I have not done in-depth, really controlled testing and there is much about performance tuning I don't understand, but it's fairly clear to me that on an M1 Max, MLX does not have the massive advantage it may have on other machines or other models.
It is wholly possible that MLX is _much_ better on the M3 and up, because the neural engine is that much better.
Frankly I think llama.cpp may simply have caught up quite a lot.
MTP is the same issue. There is always a chance that adding a separate MTP draft model has more compute overhead than it brings in terms of speedup, and since I am using an older machine and the MoE models, I am not actually in a zone where MTP can actually add much. What happens is that there's an enormous advantage in speed handling while the prompt and the early reasoning and it then tails off dramatically to be worse, on average, than non MTP.
(Qwen 3.5 35B shows, possibly, a small advantage if its internal MTP is enabled. But it is small — 10% maybe.)
For the 26B Gemma 4, MLX and MTP combined were noticeably slower than the GGUF is with llama.cpp.
If it were a newer machine with a larger, dense model, I'd definitely expect to see an advantage from MTP, and it is possible that there are some parameters I can tweak (duplicate token penalty, temperature, shared cache stuff) that give MTP more of an edge (keep its successful prediction rate higher).
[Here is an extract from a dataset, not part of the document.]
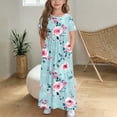 thumbnail image 2 of Zpanxa Girls Summer Dress Kids Solid Color Short Sleeve Ruffled Pockets Round-Neck Print Dress Multicolor 6 Years, 2 of 3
Either way, it feels like the smallish gain I will see on this particular bit of kit might not be worth the long, long journey down that rabbit hole right now.
I'm using the GGUF too; it appears slightly faster in llama.cpp now than current LM Studio but it's not clear to me if that is down to LM Studio having a little more code overhead, older llama.cpp under the hood, or just parameter differences.